▸ EXERCISE DETAILS
Would you return, word for word, the lines of the data below from the line with "Plaza at King" through the line with "Hundebekleidung Kristall 3", and no others?

▸ INFORMATION PROVIDED

━━━━

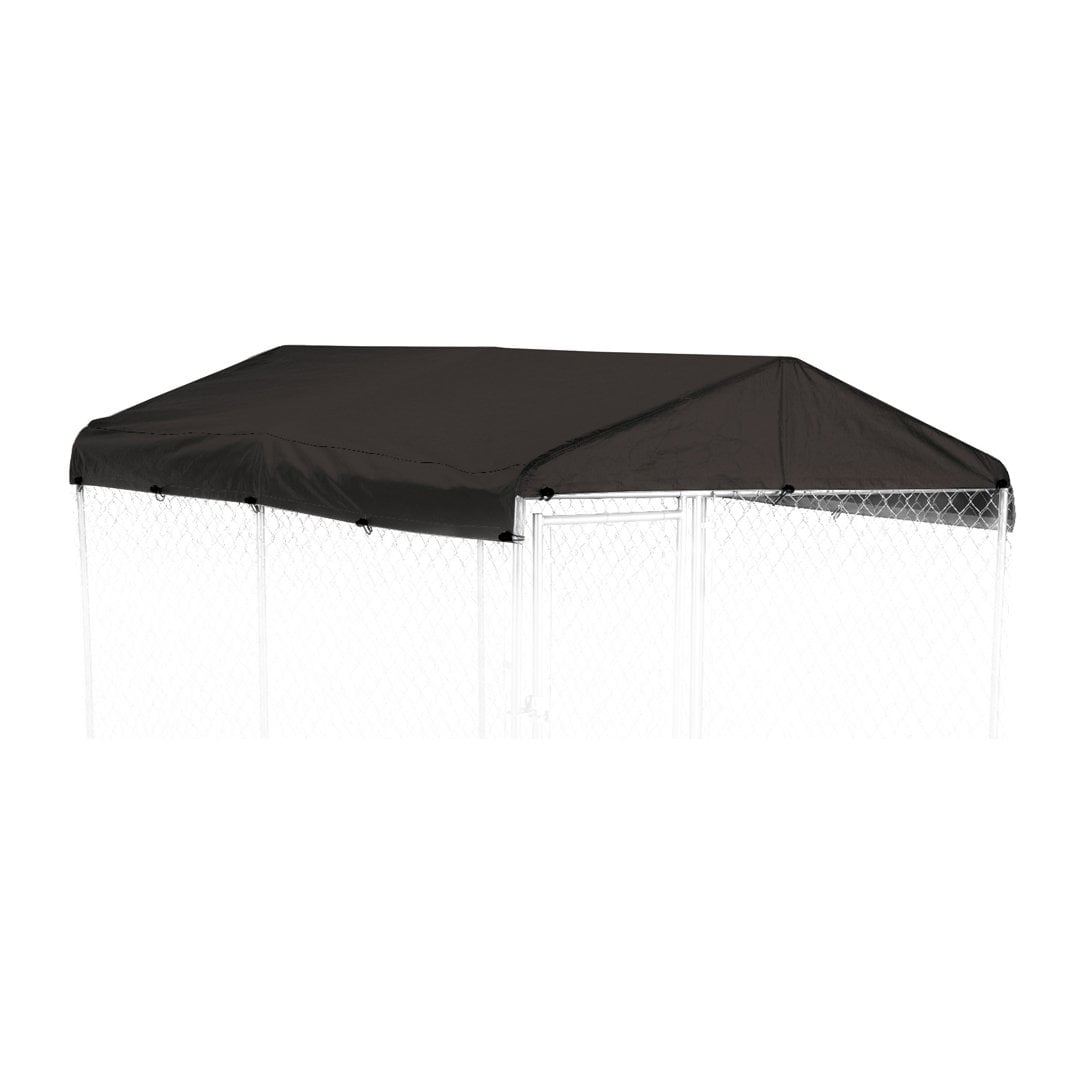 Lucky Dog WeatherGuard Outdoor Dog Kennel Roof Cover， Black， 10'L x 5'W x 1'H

━━━━

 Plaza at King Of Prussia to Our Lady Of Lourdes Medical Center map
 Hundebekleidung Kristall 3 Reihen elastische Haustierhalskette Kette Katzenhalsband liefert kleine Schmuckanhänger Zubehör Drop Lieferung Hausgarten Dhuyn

━━━━

▸ SOLUTION FOR THIS EXERCISE
 Plaza at King Of Prussia to Our Lady Of Lourdes Medical Center map
 Hundebekleidung Kristall 3 Reihen elastische Haustierhalskette Kette Katzenhalsband liefert kleine Schmuckanhänger Zubehör Drop Lieferung Hausgarten Dhuyn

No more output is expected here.